What you should do: From the line containing "1pc 25cm/9.84in Simulated" through the last line of the records below, output every line exactly, both ends included, except the pictures.

Material provided:

* * * * *

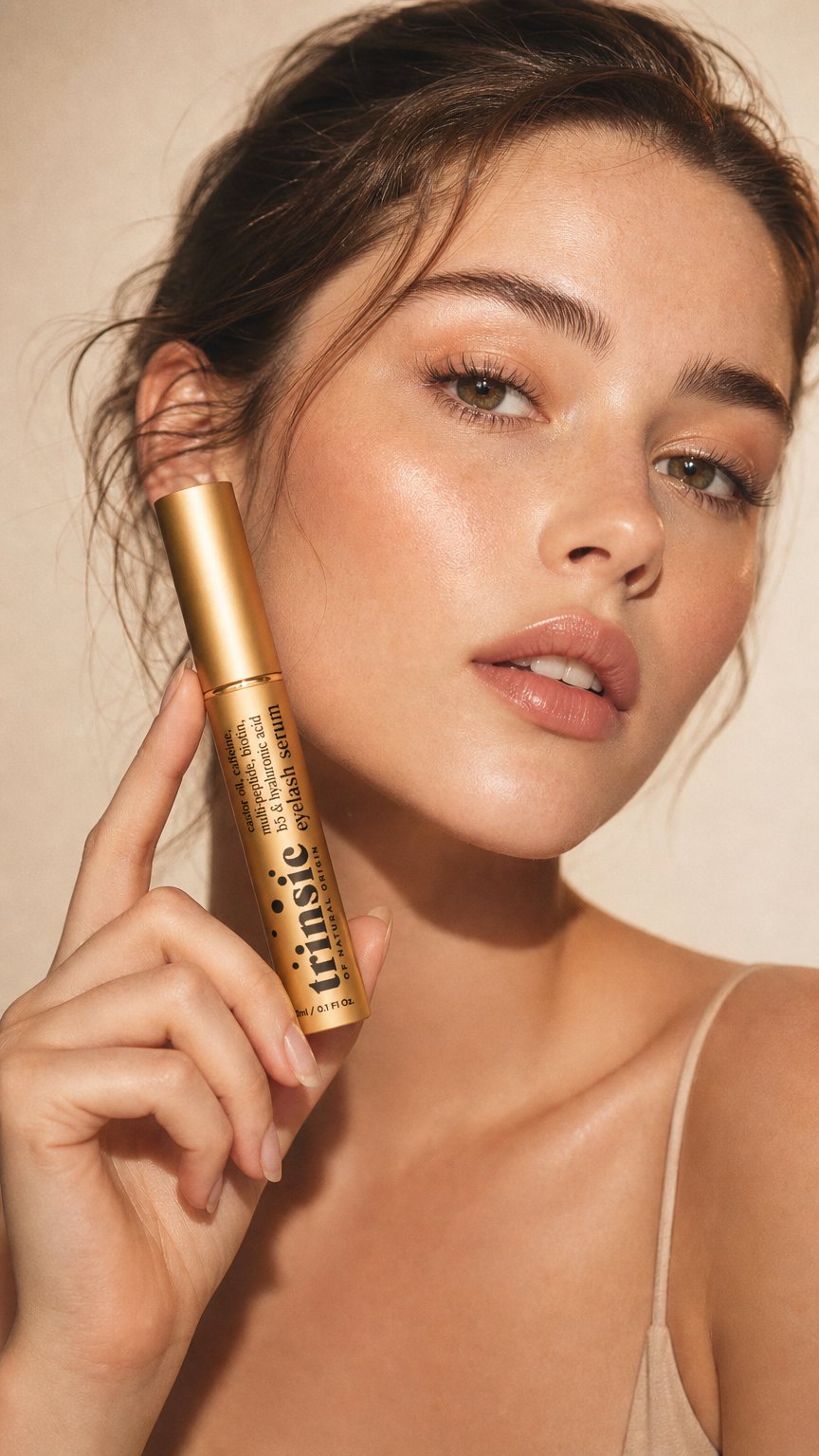 AI product shot of Trinsic Natural Eyelash Growth Serum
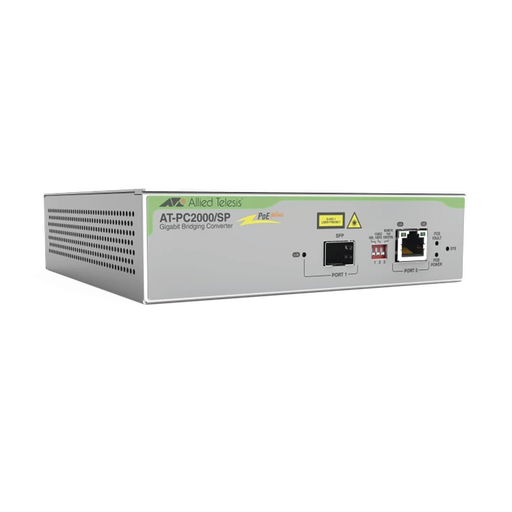 [ATPC2000/SP960] Convertidor de medios Gigabit Ethernet PoE+ a fibra óptica c…
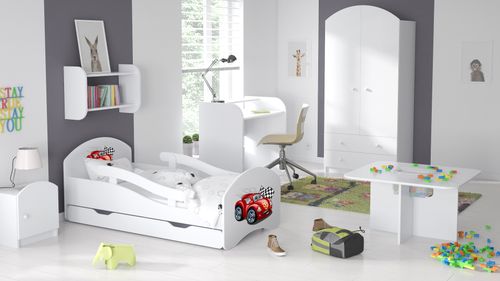 Łóżko dziecięce LEO 140x70 białe na Arena.pl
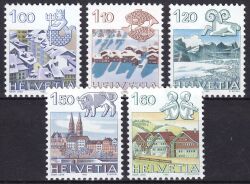 1982  Freimarken: Tierkreiszeichen und Landschaften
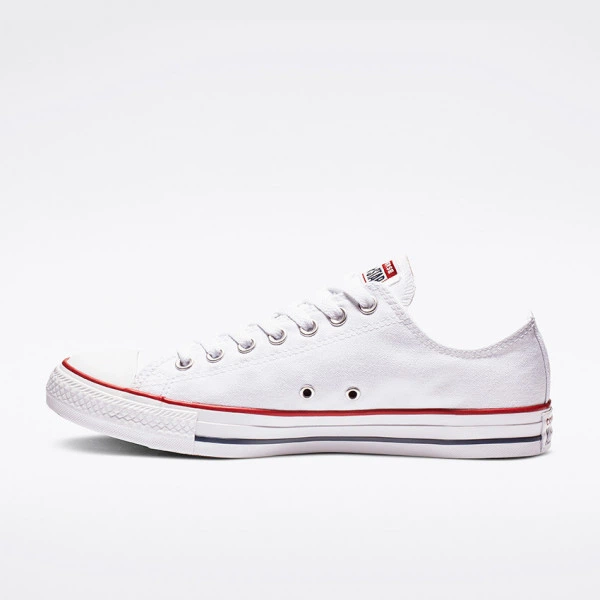 Мужские кеды Converse Chuck Taylor All Star Ox Optical White M7652C белые, Цвет Белый, Размер 43 - Фото 2 Мужские кеды Converse Chuck Taylor All Star Ox Optical White M7652C белые, Цвет Белый, Размер 43 - изображение 2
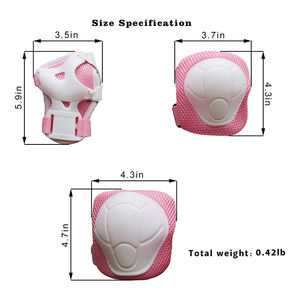 Ensemble de protections pour les genoux et les coudes pour adolescents et enfants 2025 pour garçons et filles avec protège-poignets - Product Image 5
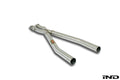 Supersprint BMW E39 M5 Stainless Center X-Pipe - Non-Resonated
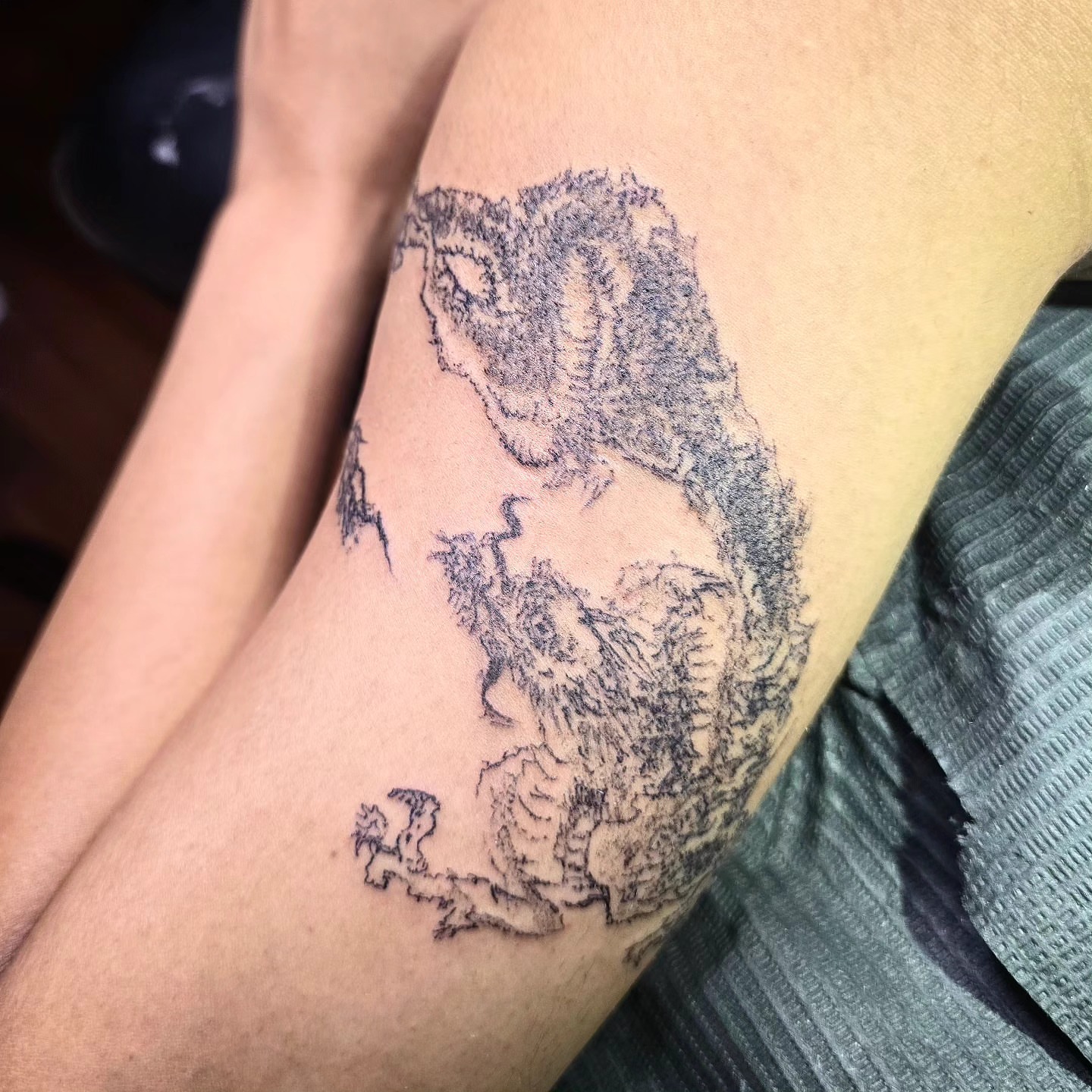 Map black and grey tattoo on the forearm by Branded ꪉꪗ Brandon ∴ b.liew ∴ Tattoo ∴ NYC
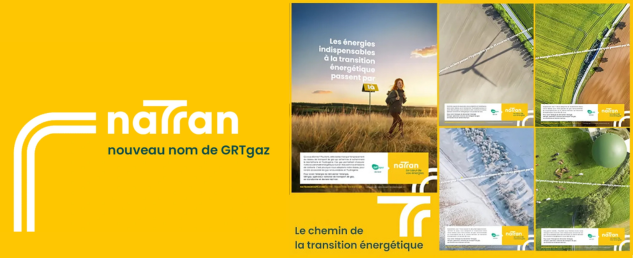 Notre client NaTran (ex-GRTgaz) a réalisé un rebranding qu'il a annoncé dans un campagne réalisée par TBWA corporate et BIGGIE. L'image reflète cette campagne.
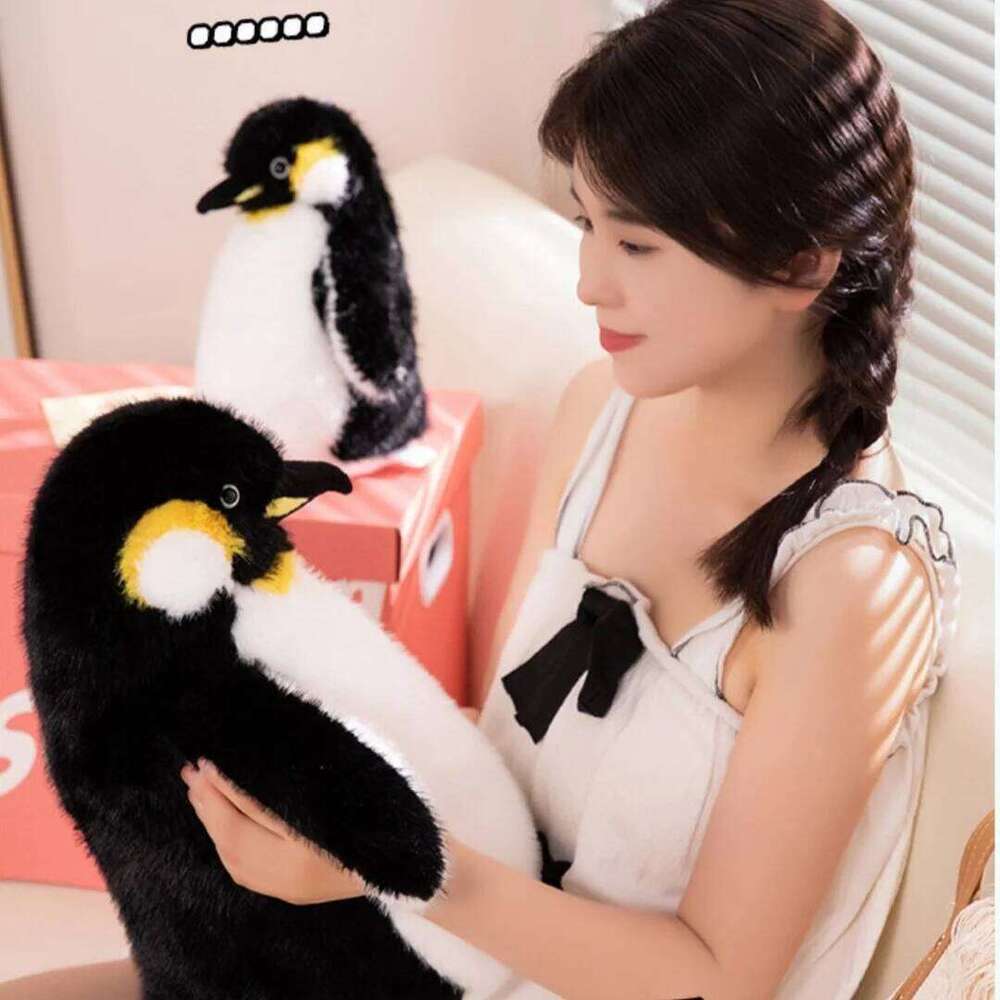 1pc 25cm/9.84in Simulated Penguin Plush Toy Doll Pillow Ragdoll Children's Girl Birthday Gift R260908 - view 5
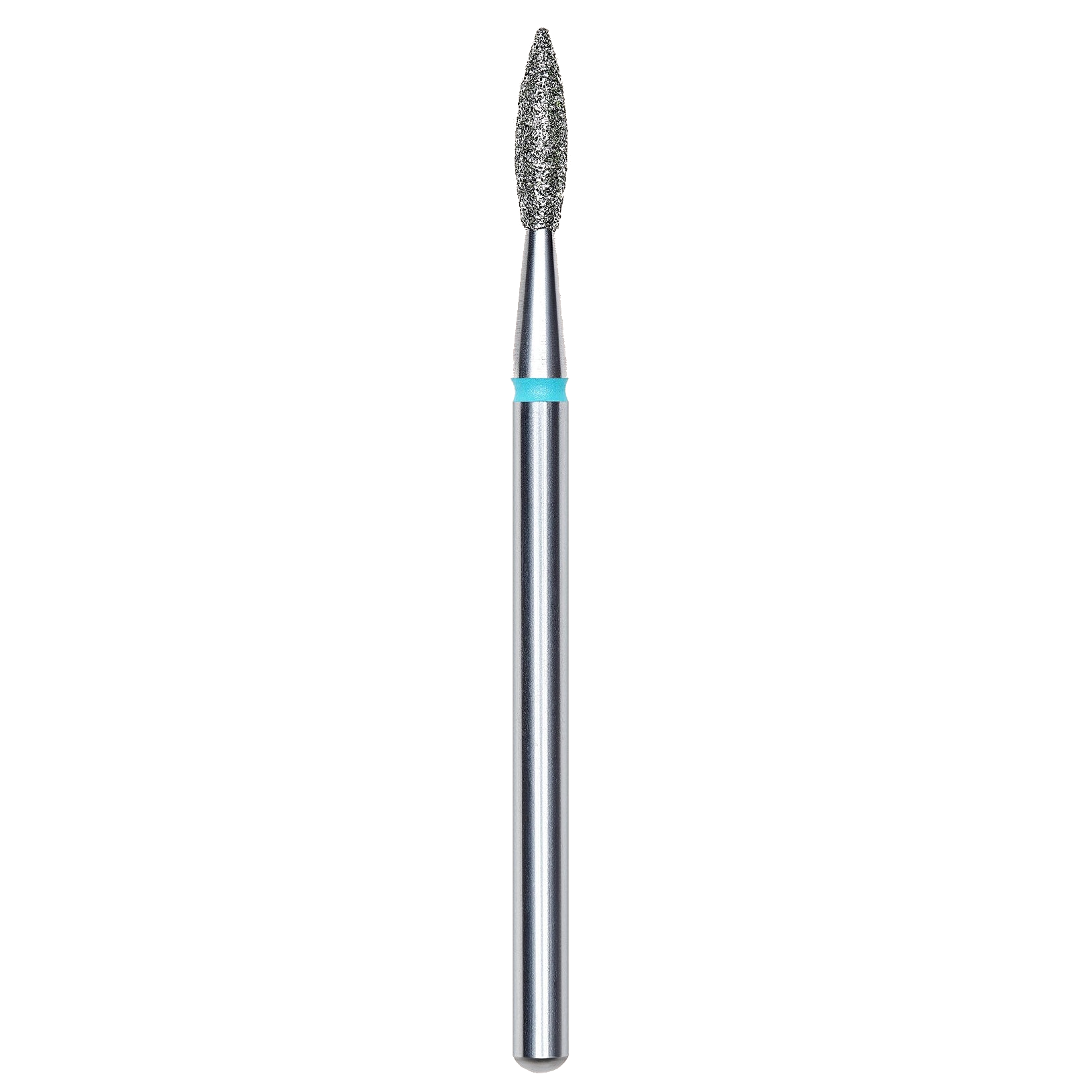 DIAMOND NAIL DRILL BIT, "FLAME", BLUE, HEAD DIAMETER 2.1/8MM (FA11B021/8) - STALEKS™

* * * * *

Response:
 1pc 25cm/9.84in Simulated Penguin Plush Toy Doll Pillow Ragdoll Children's Girl Birthday Gift R260908 - view 5
 DIAMOND NAIL DRILL BIT, "FLAME", BLUE, HEAD DIAMETER 2.1/8MM (FA11B021/8) - STALEKS™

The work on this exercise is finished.